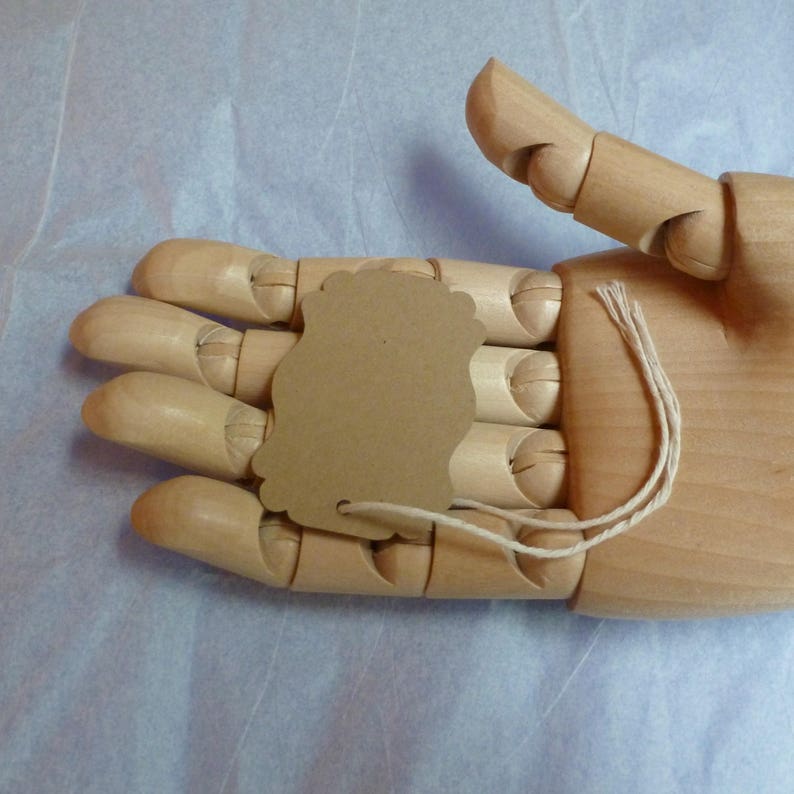 May include: A wooden hand model holding a brown paper gift tag with a string attached.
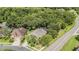 Aerial view of home with lush surrounding trees, and nice neighborhood at 4797 Stonebriar Dr, Oldsmar, FL 34677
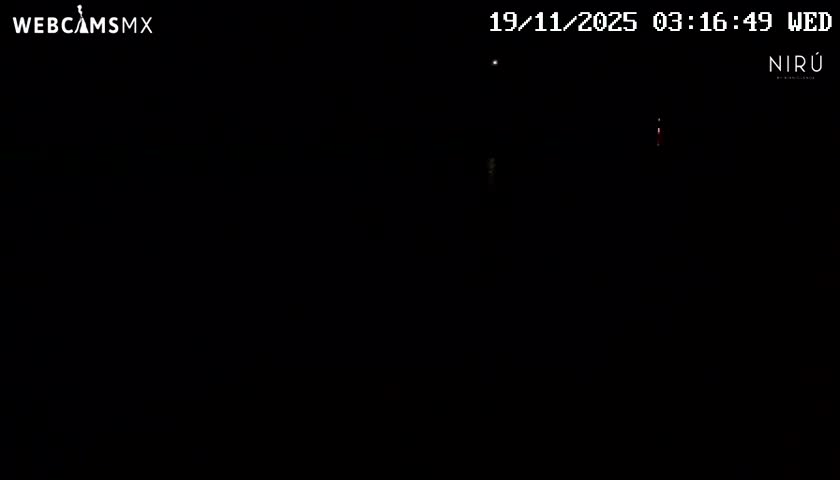 An extremely dark night scene shows only a few faint, pixelated lights barely visible against the black backdrop.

» **What is being asked**:
With the pictures left out, output exactly the lines from the one with "Aerial view of" through the end of the listing above, both ends included.

» **Task response**:
 Aerial view of home with lush surrounding trees, and nice neighborhood at 4797 Stonebriar Dr, Oldsmar, FL 34677
 An extremely dark night scene shows only a few faint, pixelated lights barely visible against the black backdrop.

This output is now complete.